A fund house has a lot of expenses towards managing the fund. For instance, the management team tracks the performance of the underlying assets of the portfolio. The fund manager chalks out the strategy for investment.
The total cost incurred towards such expenses is called the expense ratio and it is expressed as an annual percentage of the AUM of the fund. For example, if the AUM of a fund house is INR 2000 crores and the expense ratio is 1.5%, the total expenses incurred by the fund is INR 30 crores and the fund will charge you 1.5% of the investment value for managing your money.
When it comes to investing in a mutual fund, the expense ratio plays a critical role. Here’s what you need to know about expense ratio while deciding on an investment.
How Does Expense Ratio Impact You?
The expense ratio impacts you in several ways.
A higher expense ratio will ultimately reduce your long-term returns. If you are keen on maximizing your returns, make sure to pick a fund with a lower expense ratio. There’s also a popular myth that a higher expense ratio is an indicator of a better-managed fund. However, the quantum of the expense ratio has no bearing on its performance as a fund with a lower expense ratio can give you better returns than a fund with a higher expense ratio.
You can also use the expense ratio to compare mutual funds before you decide to invest. For example, the expense ratio of a direct plan is less than a regular plan. In the case of regular plans, commissions to the tune of 0.5% to 1.5% for agents are borne by the investor. But unlike regular plans, there are no agents or intermediaries involved in direct plans. The investor can directly invest in a mutual fund. As a result, the fund house doesn’t need to pay any commissions to the distributors for selling direct plans. This reduces the operating expenses of a direct plan significantly, leading to a lower expense ratio and higher returns.

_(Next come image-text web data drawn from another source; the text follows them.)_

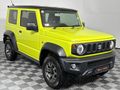 2022 Suzuki Jimny 1.5 GL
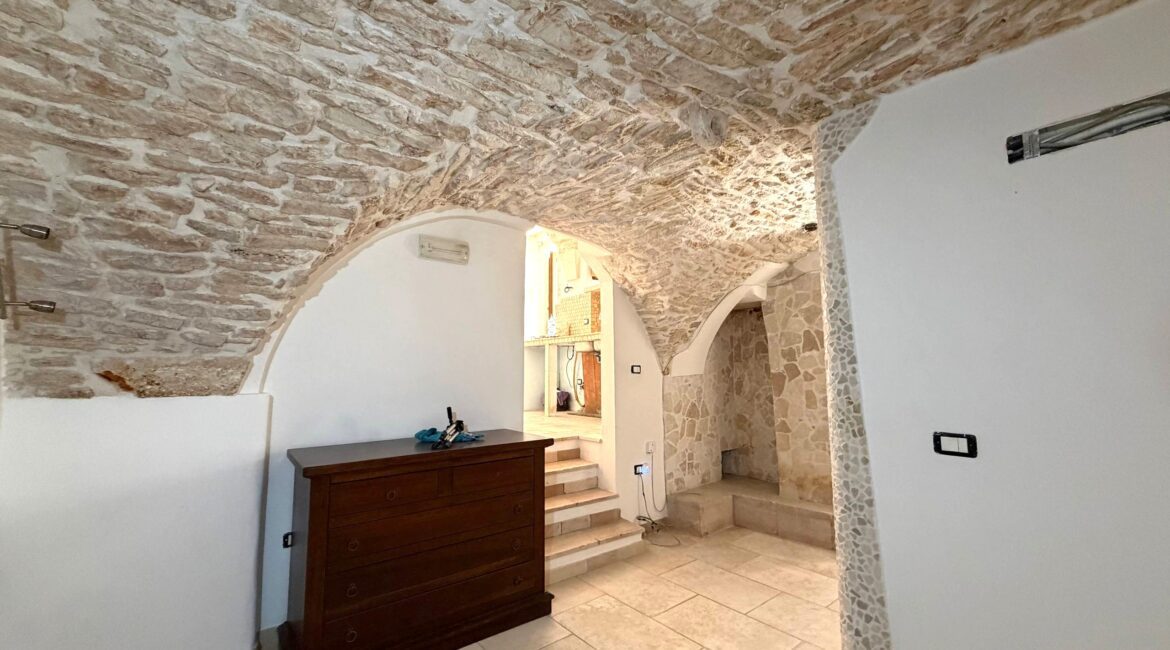 Casa indipendente
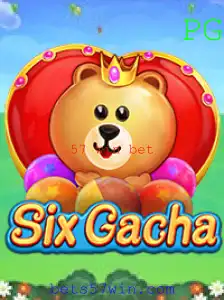 Descubra o Fascinante Universo de SixGacha e a Estratégia 57 Win Bet
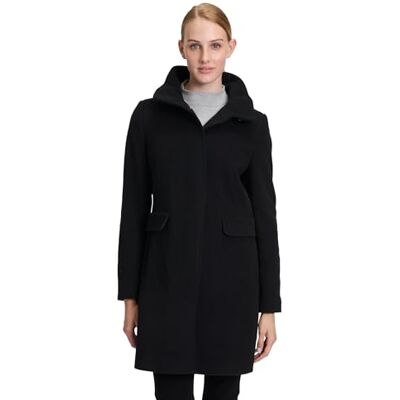 Gil Bret Damen Paula Jacke, Jet Black, 40 EU Gil Bret Damen Paula Jacke, Jet Black, 40 EU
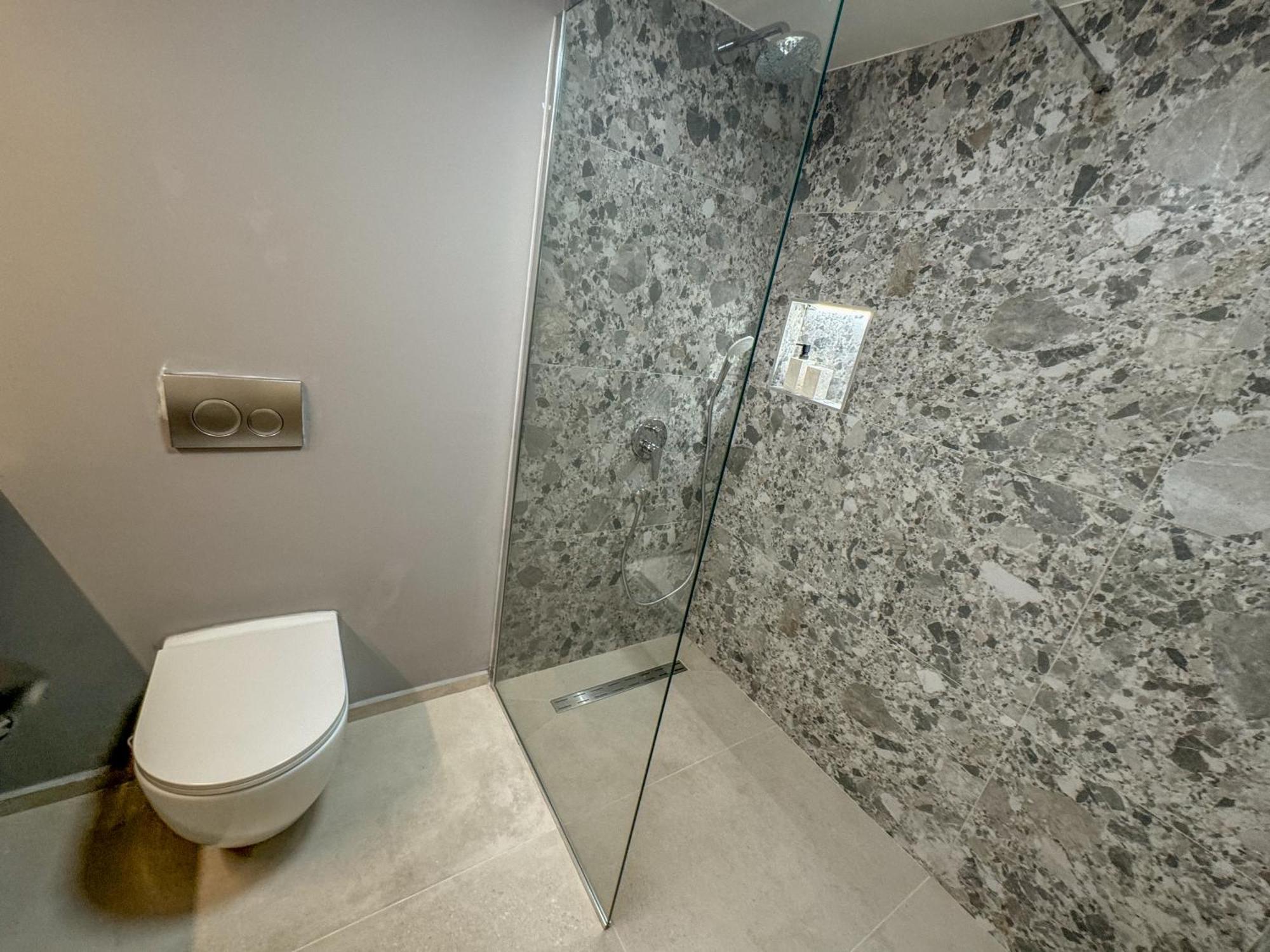 Rocky Heaven Suite Dubrovnik Kültér fotó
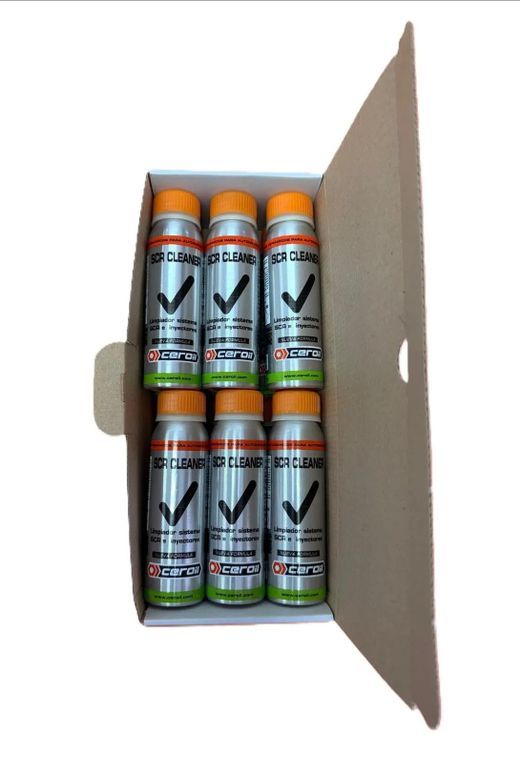 NETTOYANT SCR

What are the various charges included in expense ratio?
The following expenses form part of the expense ratio:
- Management Fees:
Mutual fund managers are highly skilled professionals who utilize their business acumen to chalk out the appropriate investment strategies. These strategies are geared towards providing high returns to the investors. As a result, management fees paid to such managers are part of the expense ratio. Typically, the management fees account for 0.50% to 1% of the fund’s total assets.
- Distribution Fees:
Certain mutual funds also charge distribution fees. This is used towards the annual marketing and distribution of a particular fund. It is also referred to as the 12b-1 fee. The purpose of this fee is to pay commission to the intermediaries who help in selling the units of a mutual fund.
- Administrative Costs:
Looking after the administration of a mutual fund is no child’s play. There’s a significant amount of effort required for maintaining appropriate records, emails, and other documentation. Expenses towards such activities are the administrative costs and form part of the expense ratio.
- Exit load:
Certain funds also include the exist-load as part of the expense ratio. Exit load is the amount that an investor needs to pay in case of a premature exit from the fund. It is payable on the total investment of an individual and is usually between 2 to 3%.
How is expense ratio calculated and deducted?

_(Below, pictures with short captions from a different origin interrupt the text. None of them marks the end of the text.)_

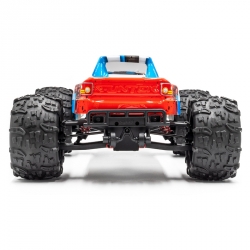 1:12 MTX Offroad Truggy 4WD 2.4GHz RTR (červeno-modrá)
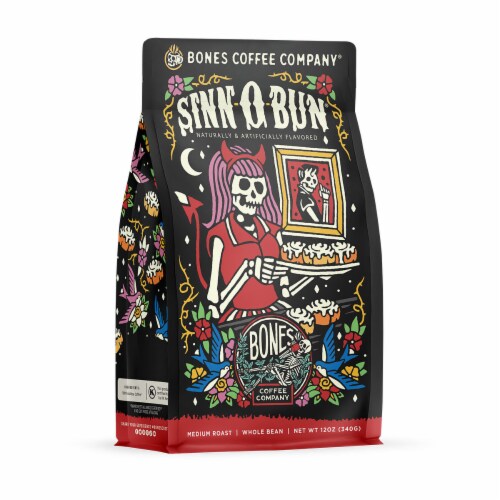 Bone coffee company hotsell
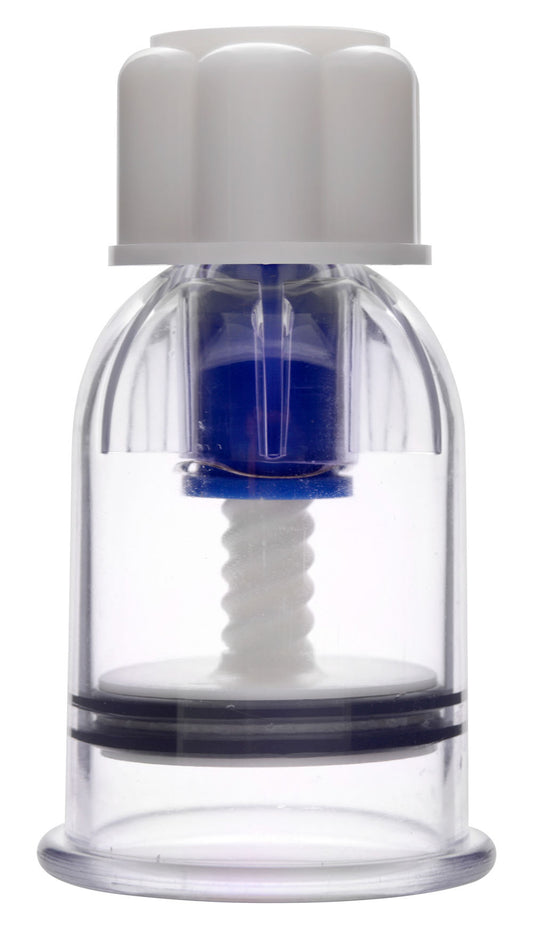 "Intake Anal Suction Device - 2 Inch MS-AD229"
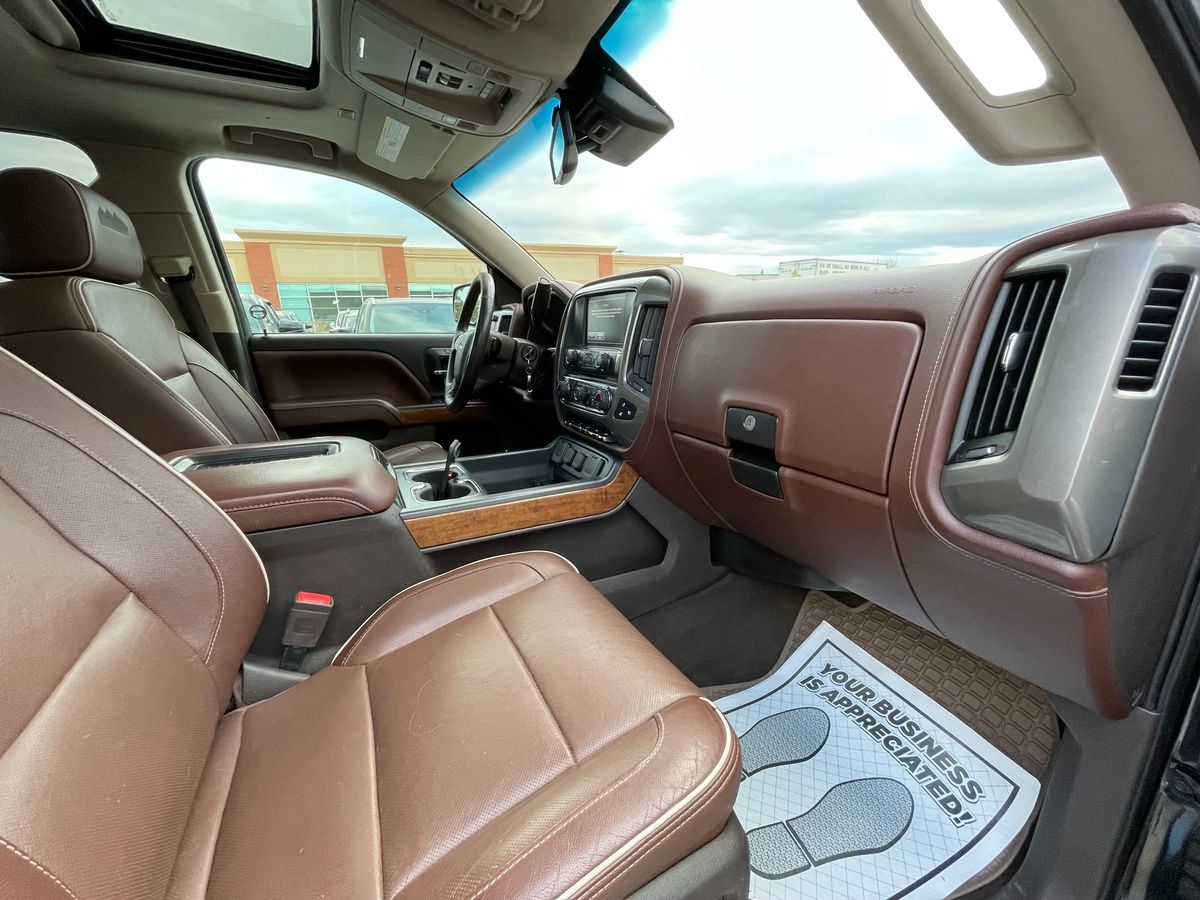 2018 Chevrolet Silverado 1500 - Image 26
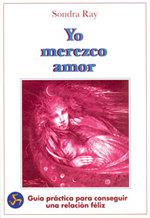 YO MEREZCO AMOR | 9788488066305 | RAY, SONDRA | Librería Castillón - Comprar libros online Aragón, Barbastro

For most funds, the expense ratio is deducted from the total revenue of the fund, prior to distributing the returns to the investors. A common misconception is that the expense ratio is deducted right at the time of purchasing the units of a mutual fund. In practice, the deduction on a daily basis after taking into account the expenditures per day.
The annual expenses ratio specified by the fund is divided by the total number of trading days in a year. The resulting number is applied to the closing gross NAV. For example, if there are 252 trading days in a particular year and the expense ratio is 1%, the daily expense is calculated by dividing the trading days by the expense ratio which is 0.0039%. This percentage is charged on the closing gross NAV of a mutual fund.
If your investment amount in a fund is INR 20,000 with a 5% return and an expense ratio of 1%, you need to pay INR 200 towards the management of the fund. The total returns that you will receive will be:
( INR 20,000 + 5% of INR 20,000 ) – 1% of INR 20,000 = INR 19,1900
Are there any limits to the expense ratio?
SEBI, the mutual fund regulator, has prescribed the limits of expense ratio under the SEBI Mutual Fund Regulations. According to these regulations, the expense ratio of open-ended equity-oriented and open-ended non-equity-oriented schemes is as follows:
- For the first INR 100 crore of the average weekly total net assets — 2.5%,
- For the next Rs.300 crore of the average weekly total net assets — 2.25%
- For the next INR 300 crore of the average weekly total net assets — 2%
- Remaining Assets Under Management — 1.75%
In the case of debt funds, the total expense ratio is capped at 2.25%. For equity-oriented close-ended or interval schemes, the total expense ratio is capped at 1.25%. Exchange-Traded Funds and Funds of Funds enjoy the lowest expense ratio of 1%.
The expense ratio can be a handy tool to determine which mutual fund is a better investment option. Having said that, it is equally important to understand your investment goals and risk appetite before you part with your hard-earned capital.